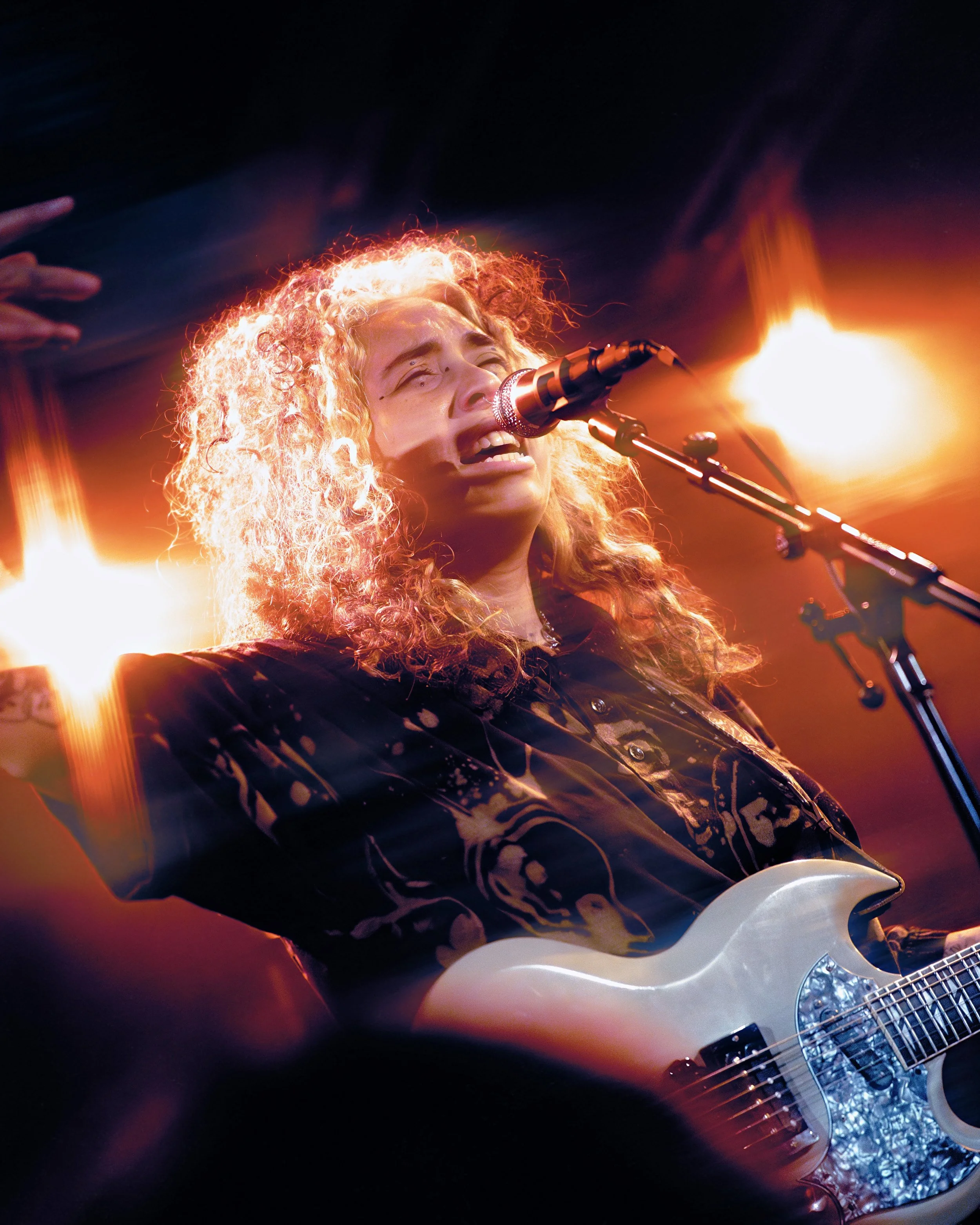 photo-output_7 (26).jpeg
^^^^^^^^
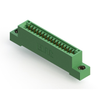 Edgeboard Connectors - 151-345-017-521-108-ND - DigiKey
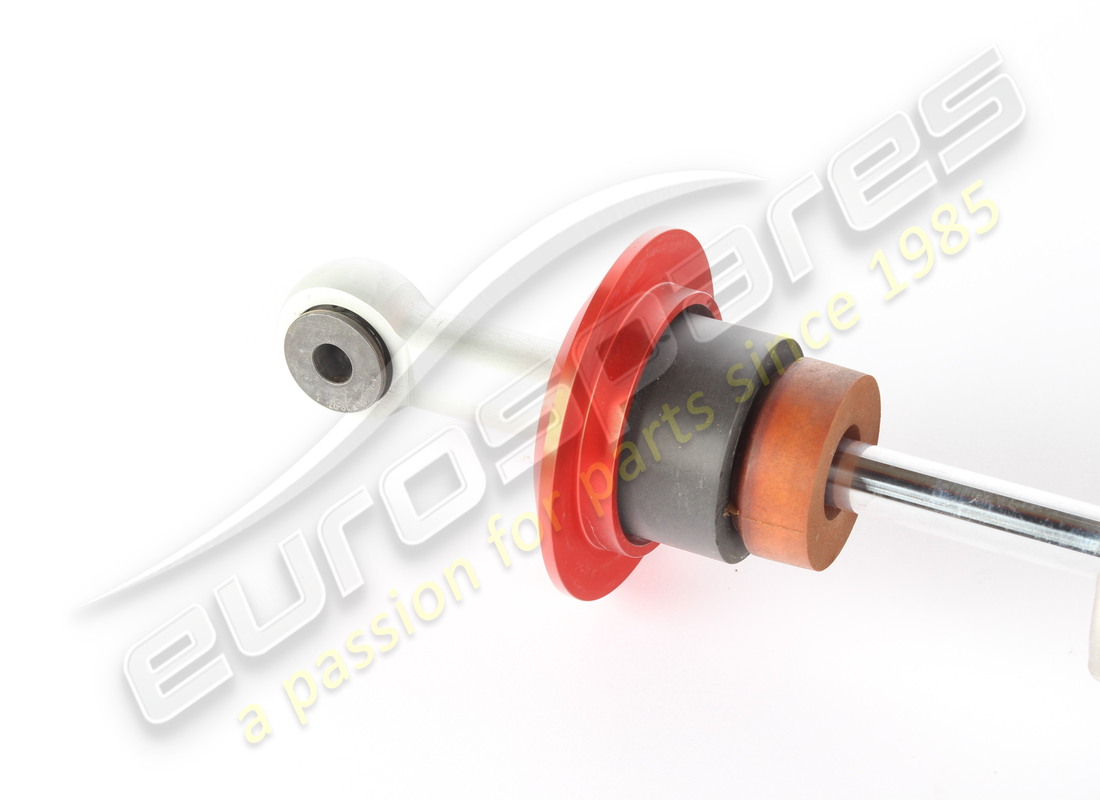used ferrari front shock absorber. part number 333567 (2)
^^^^^^^^
Within the listing above, the lines from the one with "Edgeboard Connectors - 151-345-017-521-108-ND" through the one with "used ferrari front" are to be given again word for word. Do not include pictures.

### Solution
 Edgeboard Connectors - 151-345-017-521-108-ND - DigiKey
used ferrari front shock absorber. part number 333567 (2)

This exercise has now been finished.